O tema é o do tratamento dado à participação da família no interior do paradigma atual de implementação da política social no Brasil.
O estudo dos principais programas sociais em curso e a análise da legislação pertinente evidenciam hoje um paradoxo entre o crescimento da responsabilidade neles atribuída ao grupo familiar doméstico e sua conhecida fragilização, em termos de morfologia, condições de sobrevivência e estabelecimento de vínculos internos.

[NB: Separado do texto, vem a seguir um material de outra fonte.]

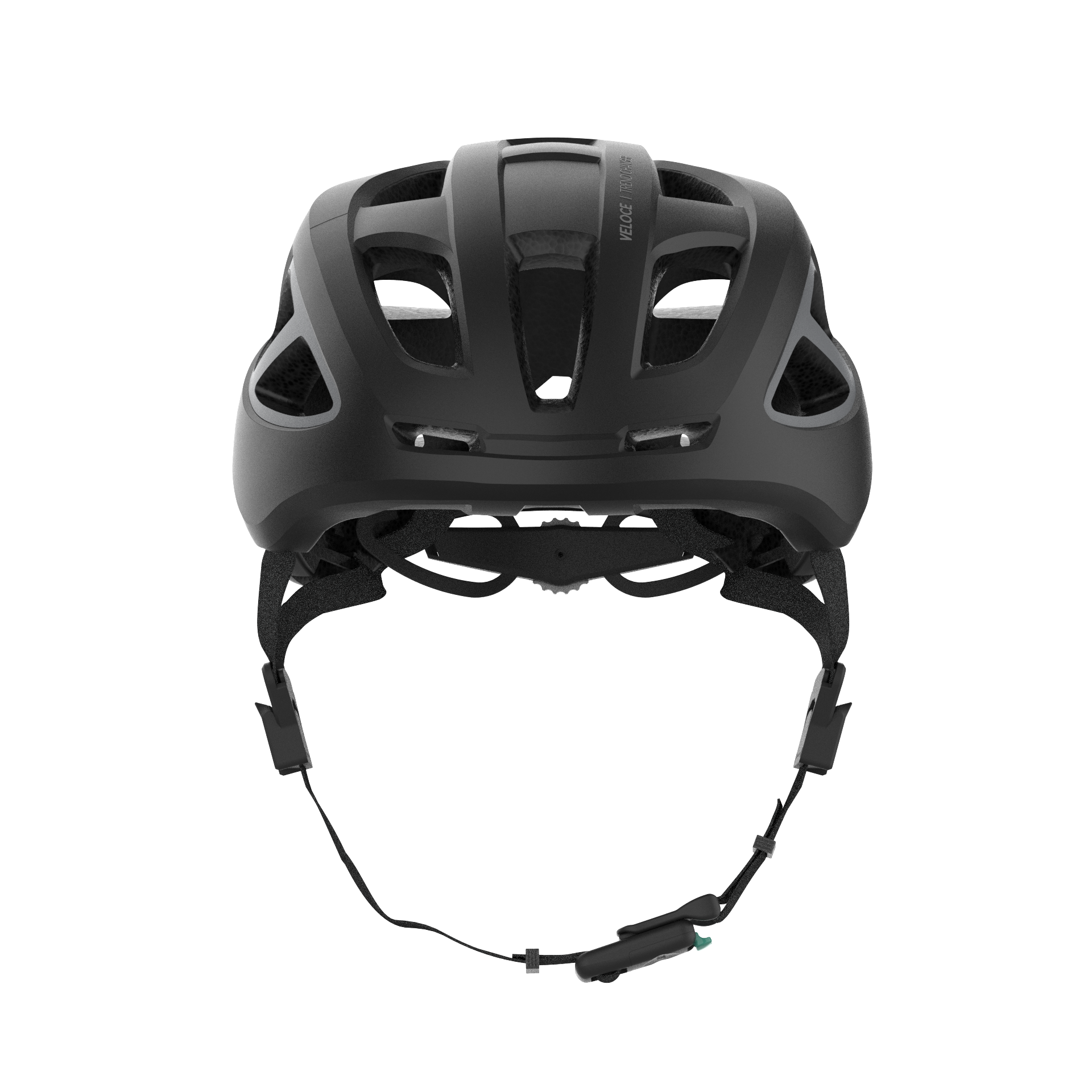 Schwarzer Fahrradhelm. Er hat reflektierende Streifen und einen Riemen.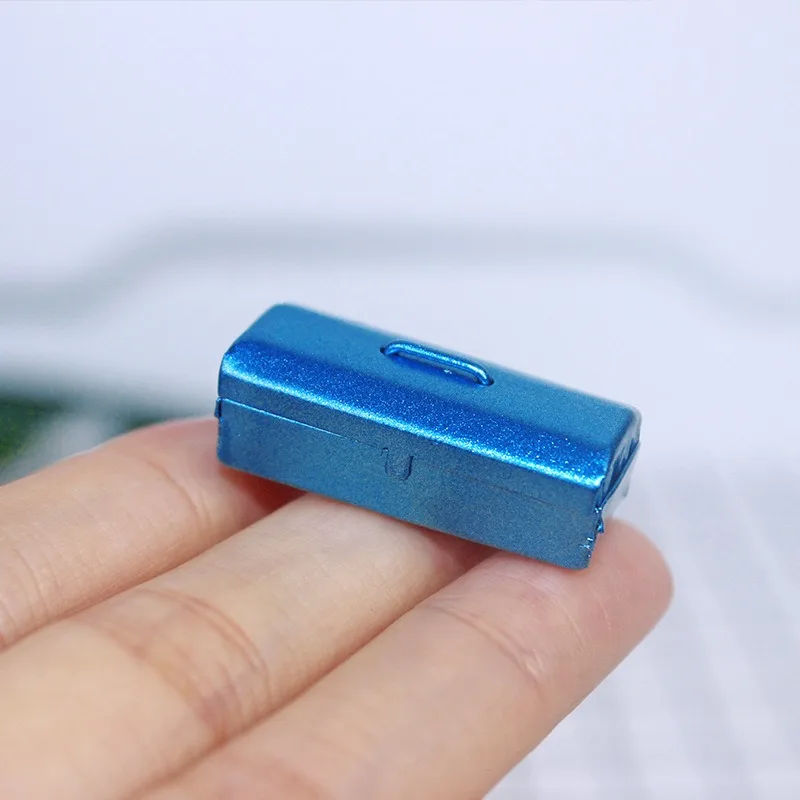 DOLLHOUSE Miniature Tool Box ob11 Dollhouse Accessories Scene Matching Mini Tin Toolbox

No sentido da "transição demográfica", a família brasileira mostra tendência firme e acelerada de diminuição do número de filhos (o número médio/ filhos por mulher caiu de 5,8 em 1970 para 2,3 em 2000 -IBGE-PNAD -2001). Quanto à composição, continua em ascenção a proporção das famílias "monoparentais" femininas, com 30% do total, onde a viuvez pesa proporcionalmente mais, com o aumento, para sete anos, da diferença de expectativa de vida favorável à mulher. Envelhecimento populacional presente, ainda que muito abaixo das taxas européias, com uma cifra de 9,3% de pessoas com 60 anos e mais, 66% delas vivendo com filhos e parentes. Movimento em sentido contrário à diminuição do tamanho da família, fazendo aparecer o fenômeno da "conlongevidade" - a convivência de três gerações no mesmo núcleo (as novas gerações retardam a saída com as taxas altas de desemprego). Há um "giro" na posição de dependência do idoso, contribuindo ele com o sustento da família pelo recebimento regular de aposentadorias e pensões; no Nordeste, com indicadores sociais piores, sua participação chega a 75% da renda total familiar (IPEA- 1999). O firme crescimento da participação da mulher na força de trabalho, básico no conjunto de mudanças, há mais de meio século, é marcado recentemente pela informalidade e precarização.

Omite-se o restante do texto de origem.